Se il bagarinaggio non è (ancora) reato: assolto chi ha gonfiato i prezzi per i Coldplay e Springsteen

Assolte le piattaforme accusate di aver gonfiato i prezzi dei biglietti online. Al via da luglio la legge contro gli abusi, ma il provvedimento non è retroattivo

Il secondary ticketing, la rivendita online di biglietti dei concerti a prezzi maggiorati, è una delle croci del mondo musicale. Lo scorso anno a scatenare la polemica era stato l’immediato sold-out alle date italiane dei Coldplay e di Bruce Spingsteen: cinque persone, tra manager di società e promoter,erano state accusate di truffa e aggiotaggio per aver acquistato a blocchi i biglietti sulle piattaforme riconosciute,e per averli rivenduti a prezzo d’oro tramite i propri canali. Mercoledì 13 febbraio la procura di Milano ha assolto preliminarmente tutti gli imputati: al momento, il secondary ticketing non costituisce un reato. Il fatto, dunque, non sussiste.


I rischi del bagarinaggio 2.0 sono una costante tra gli appassionati di concerti, che conoscono bene la prassi: per evitare di dover incappare in dinamiche del genere, si è obbligati connettersi sulle piattaforme ufficiali di vendita non appena i biglietti diventano disponibili online. Per i fan di Bruce Springsteen e i Coldplay, non è solo un’abitudine, è la regola. Ma a volte non è solo colpa del numero spropositati di fan club che contribuisce a far fuori tutti i posti disponibili, siano i concerti nei palazzi dello sport o nelle arene.
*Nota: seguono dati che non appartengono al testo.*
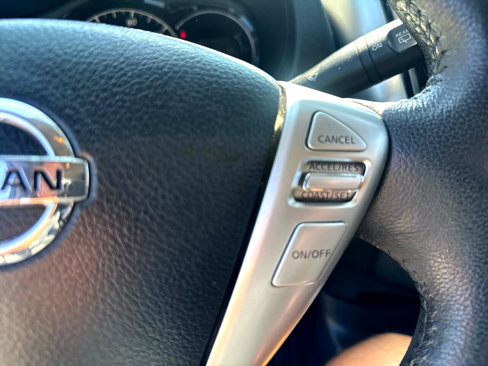 Used 2015 Nissan Versa Note SV image 16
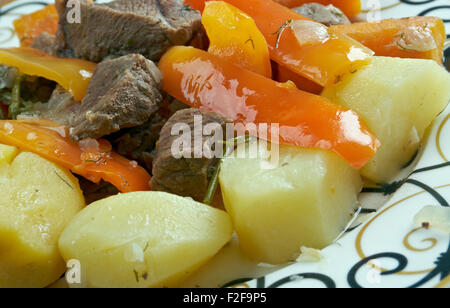 Khorkhog-Grill Teller in der mongolischen Küche. Stockfoto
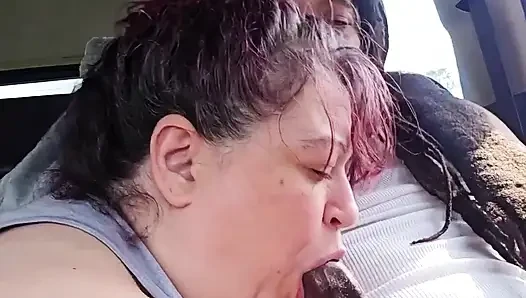 Nenek ini suka banget nyepong kontol sampai dicrot di dalam sehari!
Spesso la responsabilità è delle società che, fino a oggi, sono riuscite a far leva su un buco legislativo.


Da luglio entrerà in vigore una legge approvata dallo scorso Governo che, ampliata dal decreto Franceschini, renderà obbligatori i biglietti nominali e sigillerà l’illegalità della pratica del bagarinaggio. La legge, però, non è retroattiva: chiunque si sia trovato coinvolto in casi di rivendita maggiorata prima di luglio 2019, non potrà essere condannato.